Dennis Ring | 10/28/2005 7:32:59 PM
A scourge of New Orleans and South Louisiana could find its way to other parts of the state and country if people move wood that’s infested with Formosan subterranean termites.
Experts know the termite was introduced into Ouachita Parish by being transported in infested railroad ties used for landscaping, and they suspect the pest has been introduced into countless homes through re-used architectural wood.
Because of the destruction caused by Hurricane Katrina and Hurricane Rita in across South Louisiana, LSU AgCenter entomologists are warning homeowners not to remove building materials from damaged homes and install them in new structures unless they are absolutely sure no termites are in them.
The best way to gain this assurance is through fumigation or heat treating, according to Dr. Dennis Ring, an entomologist with the LSU AgCenter.

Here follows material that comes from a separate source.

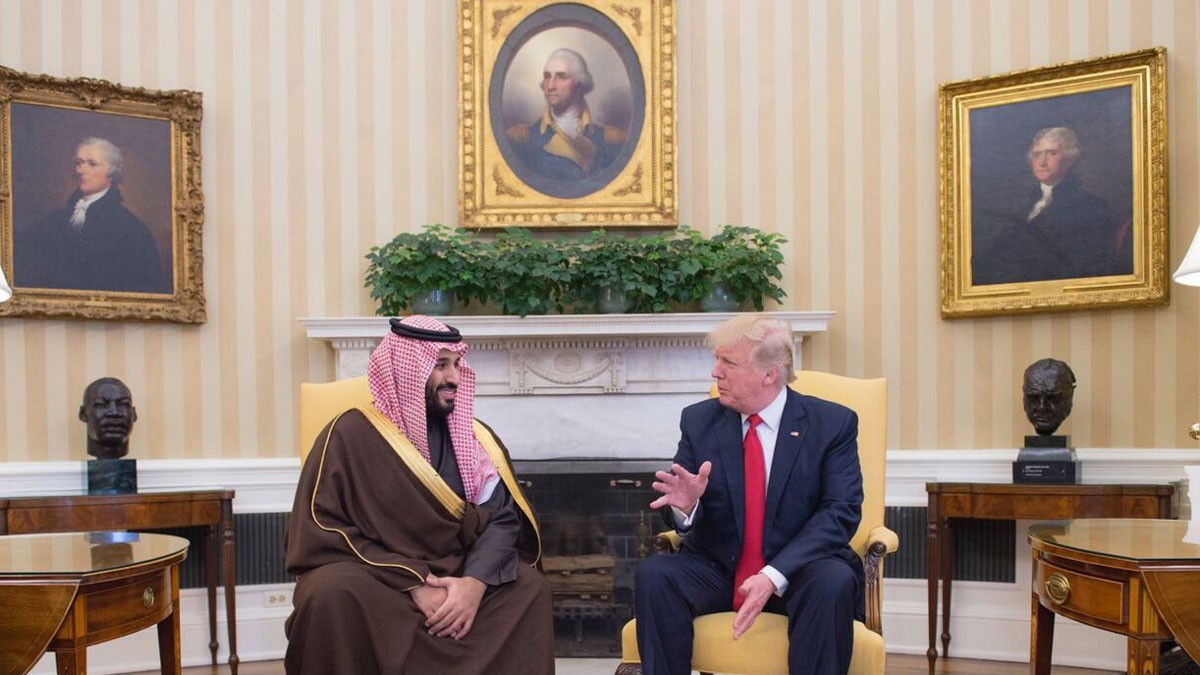 البيت الأبيض: ترمب ومحمد بن سلمان بحثا تهديدات إيران لأمن المنطقة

To try to prevent moving termites to other areas, the Louisiana Department of Agriculture and Forestry on Oct. 3 imposed a quarantine for the Formosan subterranean termite in Calcasieu, Cameron, Jefferson, Jefferson Davis, Orleans, Plaquemines, St. Bernard, St. Charles, St. John the Baptist, St. Tammany, Tangipahoa and Washington parishes.
Ring said the quarantine has three objectives – to prevent spreading the Formosan subterranean termite to locations not currently infested, to prevent infesting existing structures that are not currently infested and to prevent infesting new and reconstructed structures.

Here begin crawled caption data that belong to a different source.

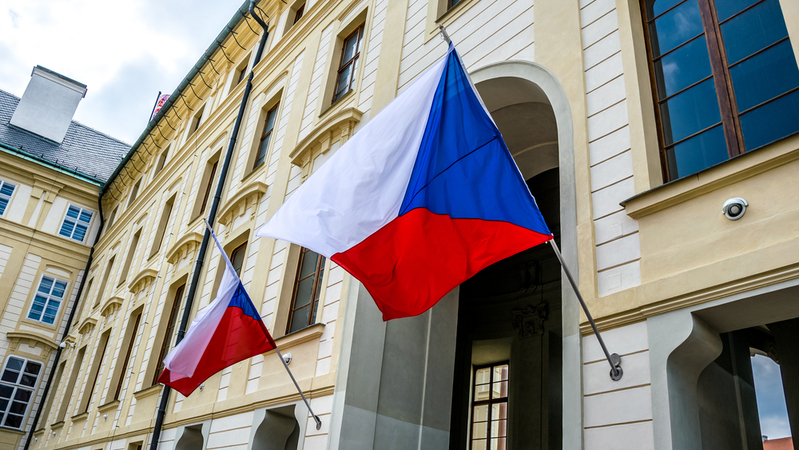 Podle ministra školství Beka je chyba, že stále nemáme korespondenční volbu, ministři se shodli na její podpoře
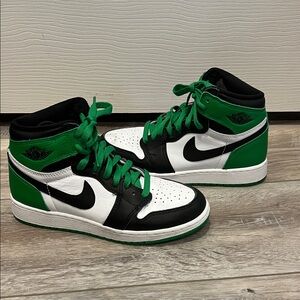 Nike Air Jordan 1 Boys Retro High OG, size 5 Green, Black, and White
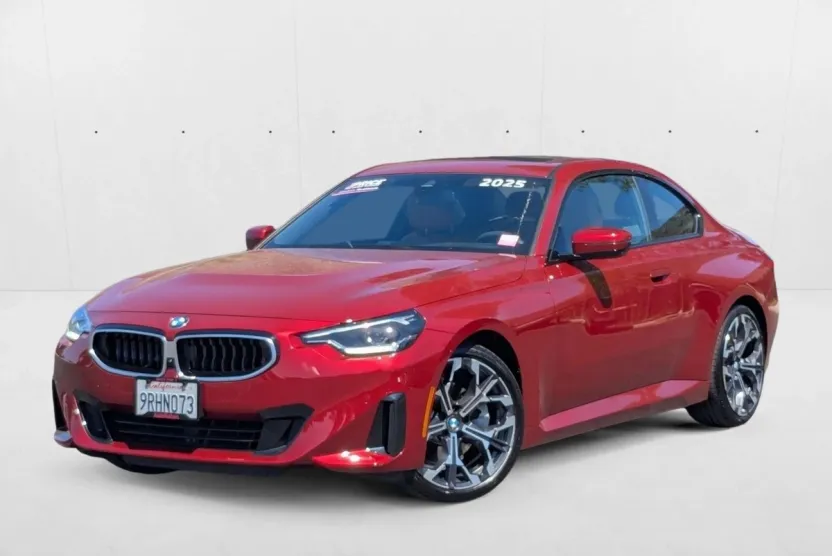 2025 Bmw 230i Coupe photo 1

"The Formosan subterranean termite may be spread in any infested cellulose – wood, paper or other products," Ring said. He listed railroad ties, utility poles, used structural wood, lumber, pallets, landscape timbers and similar items.
The entomologist pointed out the quarantine specifies that all architectural components – including beams, doors and salvaged wood – cannot be sold or placed in any structure in any parish until they are fumigated or treated for Formosan subterranean termites.
"Do not move cellulose from infested areas unless you are sure the material is not infested," Ring emphasized. "Everyone has a responsibility to prevent the spread of the termite."
Experts also warn about re-using wood from damaged buildings – unless you can be absolutely sure the wood is termite free.
"To determine if material is infested, make a thorough inspection, looking for termites, damaged wood, soil, mud tubes and carton nests," Ring said.
Ring said because Formosan subterranean termites build above-ground nests, wood from buildings, trees and shrubs that have been standing in floodwaters may still be infested.
In addition, lumber and other woody debris taken from damaged buildings can become termite-infested if left on the ground too long.
The entomologist said burying wood is not a good idea because that would supply food for termites, which will then seek new food sources when the buried wood is gone.